The data =>
*****

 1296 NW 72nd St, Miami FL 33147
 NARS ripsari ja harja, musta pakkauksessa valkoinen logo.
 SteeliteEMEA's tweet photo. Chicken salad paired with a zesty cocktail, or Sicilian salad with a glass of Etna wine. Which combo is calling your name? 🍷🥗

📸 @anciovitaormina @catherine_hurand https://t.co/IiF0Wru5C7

*****

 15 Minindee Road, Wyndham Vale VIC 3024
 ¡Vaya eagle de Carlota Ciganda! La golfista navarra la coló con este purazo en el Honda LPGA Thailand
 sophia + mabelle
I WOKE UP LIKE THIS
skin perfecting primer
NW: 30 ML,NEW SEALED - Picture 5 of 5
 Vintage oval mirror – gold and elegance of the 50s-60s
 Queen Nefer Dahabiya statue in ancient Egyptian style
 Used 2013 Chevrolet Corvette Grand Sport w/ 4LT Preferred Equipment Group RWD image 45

*****

Work request => Within the listing above, extract exactly the lines from the line with "Vintage oval mirror" to the line with "Used 2013 Chevrolet", the two named lines included, and no others.

Task response =>
 Vintage oval mirror – gold and elegance of the 50s-60s
 Queen Nefer Dahabiya statue in ancient Egyptian style
 Used 2013 Chevrolet Corvette Grand Sport w/ 4LT Preferred Equipment Group RWD image 45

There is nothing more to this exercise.